The same conservatives who now see her as an incarnation of evil never bothered to rally against her when she ran for re-election in 2006. That’s because she won their communities over. She went around to every town, village and hamlet in Upstate New York, whether run by Democrats or Republicans, met every municipal official and sat through their all-day presentations on Erie Canal economic development and agricultural policy. And took notes. And asked intelligent questions. And then got back to them, in the weeks and months that followed, with concrete ideas about what her office could do to help.

Many of these Upstate Republican officials disagreed with her on matters of ideology, but nobody had ever given their bread-and-butter issues so much time and attention. Not even other Upstate Republican officials. Sure they theoretically supported her opponent, but only theoretically. They liked working with Clinton because she made their issues her own, and she never stopped working on them.

That woman would make a great president.

What happened?

A lot of it is Clinton’s own fault, and she doesn’t deserve any passes. Enormous speaking fees from Goldman Sachs and soliciting contributions from foreign potentates for the Clinton Global Foundation couldn’t be more obvious conflicts of interest if the words “corruption” were written in giant neon letters. But — let’s be honest here — for all that the Clintons are a botanical garden of self-interest, they’re actually no more corrupt than the average New York county executive, Alabama mayor, Louisiana state senator or California voter.

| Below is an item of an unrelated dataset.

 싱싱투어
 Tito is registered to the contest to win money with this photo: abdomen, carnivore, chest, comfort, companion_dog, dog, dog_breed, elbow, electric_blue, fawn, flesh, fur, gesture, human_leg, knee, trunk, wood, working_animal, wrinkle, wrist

Clinton is a poster child for political corruption because she’s a poster child — she’s in the public eye. But as politicians go, she’s really not so bad.

For a long time, the American public was content with a level of basic corruption from its politicians. It was understood that this is how business gets done, and that it was a small price to pay for an otherwise (mostly) functional democracy. Roads were built; jobs were created.

Clinton did nothing more than decide to play the political game the way she knew everyone had to play it, and she probably did so because she wanted to get things done and make a difference. Feathering her nest was likely incidental.

But the public has decided that it doesn’t like the old bargain anymore. The perfectly normal, run-of-the-mill corruption that Clinton engaged in is no longer acceptable because the system is no longer fulfilling its end of the bargain. We no longer build, or even maintain, infrastructure. The economy is rigged. And the normal route of electing the usual people to do the usual things isn’t fixing it.

If the political class is getting things done for ordinary Americans, nobody minds if they abuse the system a little. But if they are turning into an oligarchy, getting rich off our backs while our world gets less forgiving and more frightening, then we clamp down. We demand higher standards. We want to know before we vote: Are you one of them? Or are you one of us?

It’s really not Clinton’s fault, and she doesn’t deserve this scorn. But the rules that she lived by are the rules that got us into this mess. The public no longer accepts them.